At first glance, the proceedings were unremarkable, even commonplace. It was a familiar scene: some 20 people sitting in a conference room for half a week discussing institutional action items for the coming year. It’s a scene that you might encounter in any corporate office on any given day. But on these days, Nov. 17–19, 2014, there was a feeling in the air that something extraordinary was taking place, as though a proverbial fork in the road had been reached and whichever path the deliberators chose to take would hold major implications for the future.
Every year the GARBC’s governing body, the Council of Eighteen, meets for several days at the Resource Center in Schaumburg, Ill., to hash out strategies and make decisions that provide direction and oversight for the association. In the past few years these meetings have tended to focus more on long-term planning for the future than they had previously. Beginning in 2010, the council began an intensive, multiyear strategic planning initiative. That initiative resulted in the 20/20 Master Plan for the future, which proposed key steps that the GARBC must take in order to thrive in the days ahead. Now, with the ground gained from this year’s council meetings, the association is postured to make good on all this planning.

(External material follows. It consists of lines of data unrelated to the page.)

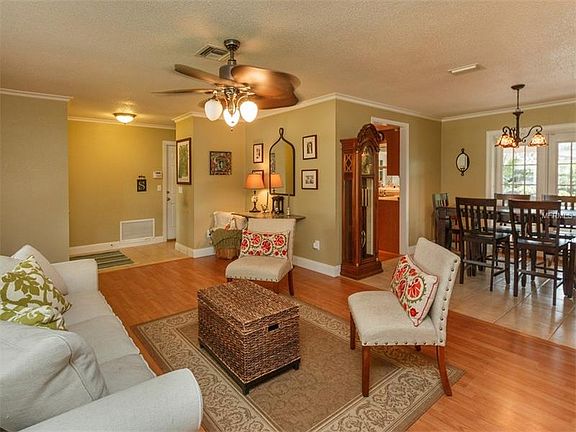 5th image of 3302 Ferndell Dr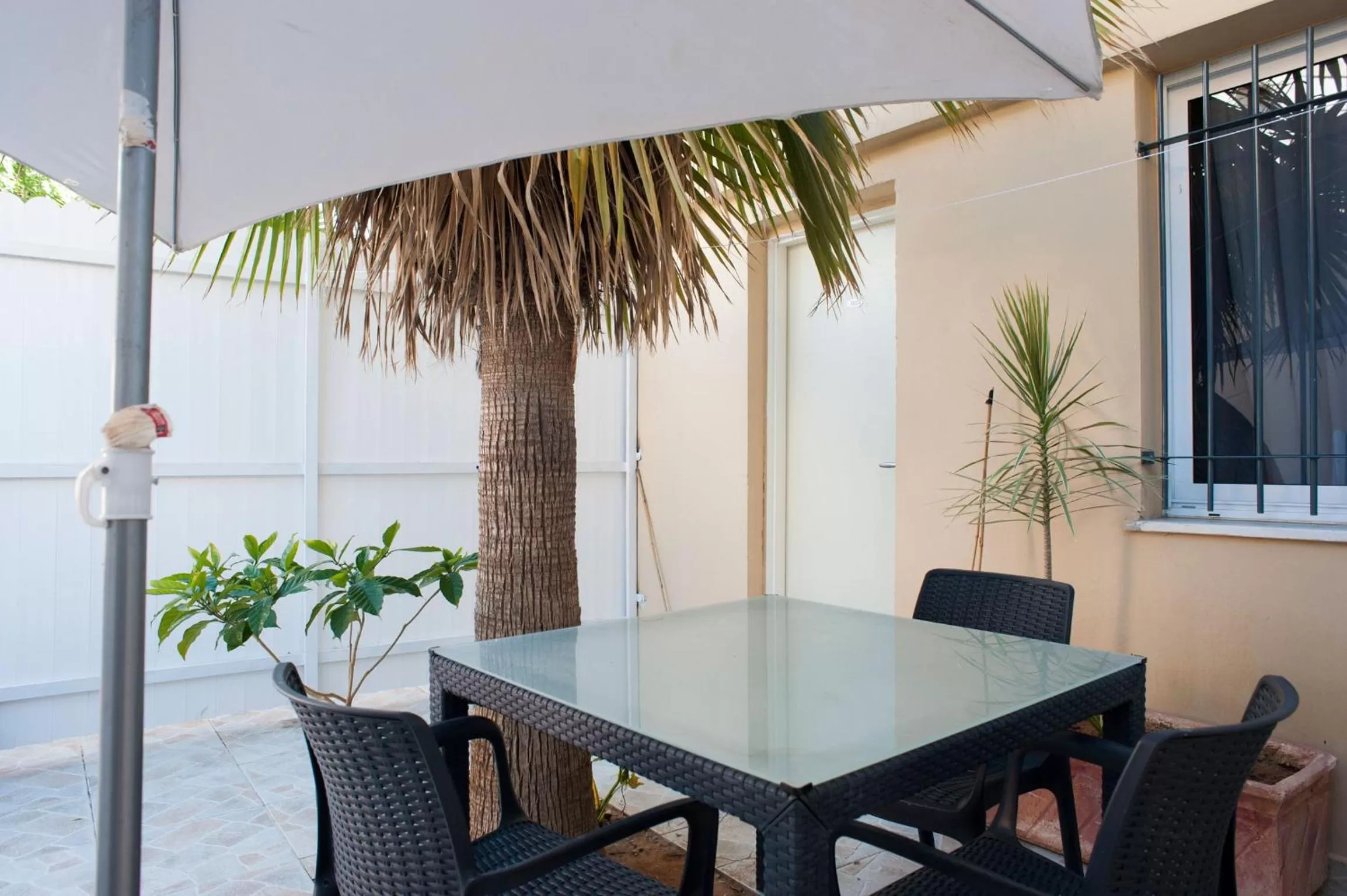 Patio in Geula Suites BY RAPHAEL HOTELS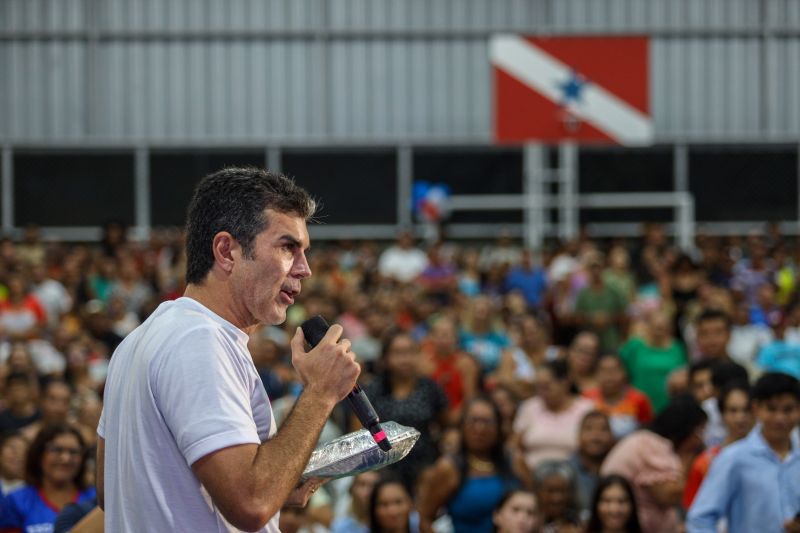 Agenda Gov PEIXE BOI - Fotos Pedro Guerreiro
População de Peixe-Boi comemora a entrega de nova escola Jonathas Pontes Athias <div class='credito_fotos'>Foto: Pedro Guerreiro / Ag. Pará | <a href='/midias/2024/originais/20066_22793552-7bbf-dc78-a51d-34b0445e6912.jpg' download><i class='fa-solid fa-download'></i> Download</a></div>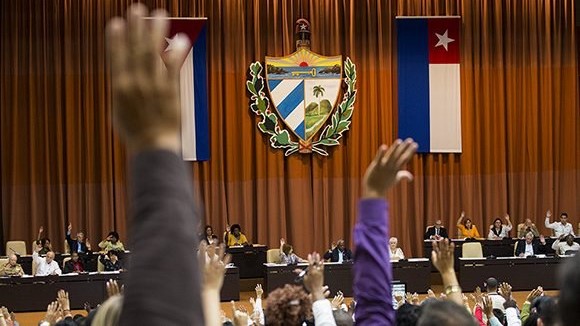 Votación en la Asamblea Nacional del Poder Popular de Cuba.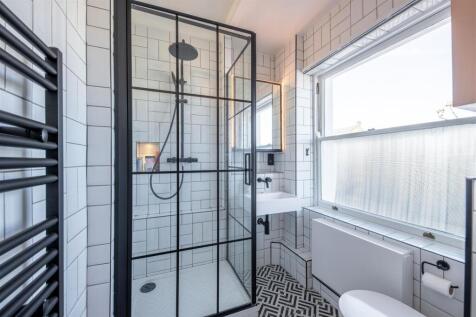 3 at 87 hamilton terrace 2962 shower.jpg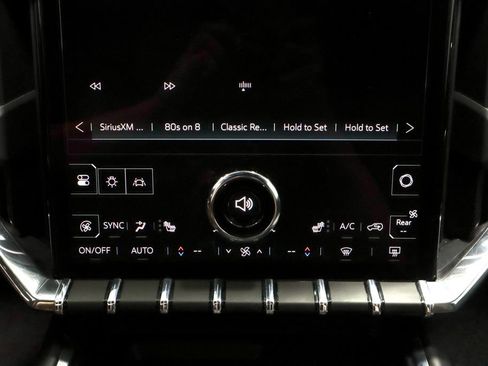 Used 2025 GMC Acadia Elevation AWD/4WD image 31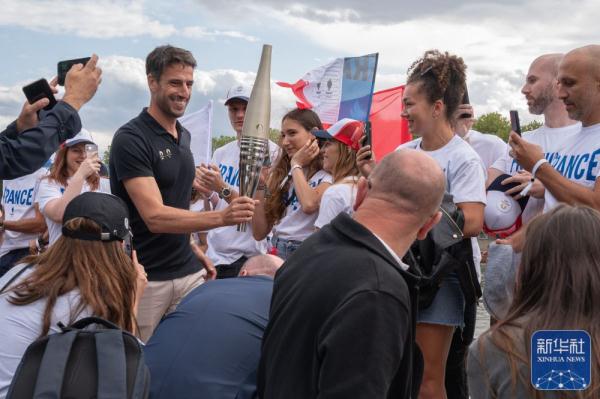 巴黎奥运火炬实物在塞纳河上公开亮相 巴黎奥运火炬实物在塞纳河上公开亮相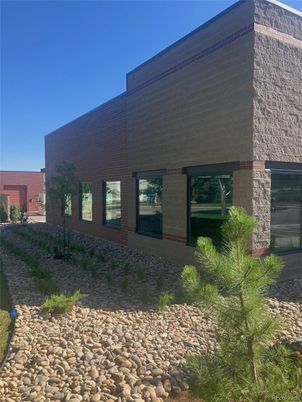 Backyard, Exterior, Facade, Brick Facade, Modern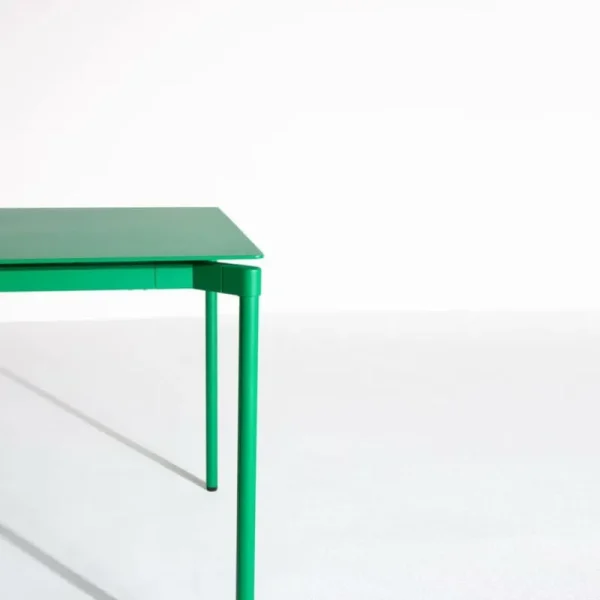 Petite Friture Terrassenmöbel | Tische^Fromme Esstisch, 90 x 180 cm, Minzgrün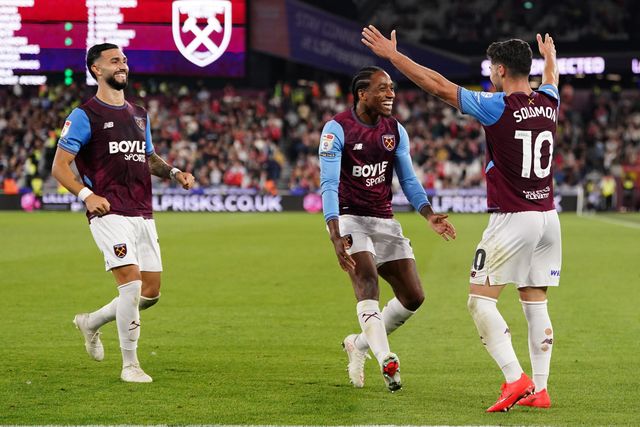 West Ham players celebrate Manor Solomon of West Ham United goal during the Sky Bet Championship match West Ham United vs Wrexham at London Stadium, London, United Kingdom on 11 September 2026

(Photo by Harvey Murphy/News Images)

“This morning, we’re going to talk about the way forward for our fellowship,” National Representative John Greening said to open Tuesday’s first session. “We are at a significant ‘seam’ as an association. Over the next few years we are going to see significant changes to our administrative staffing. We’re getting ready to sell this building and relocate. Our business model has undergone some changes. Now what does that mean for us as we look toward the future?”
The answer: it means change. Not arbitrary change for its own sake, but strategic change carefully implemented to promote associational growth and effectiveness. This will include staff realignment, renewed commitment to church planting, adjustments to the association’s resource delivery system, and applying a “systems thinking” approach to the association’s various ministries.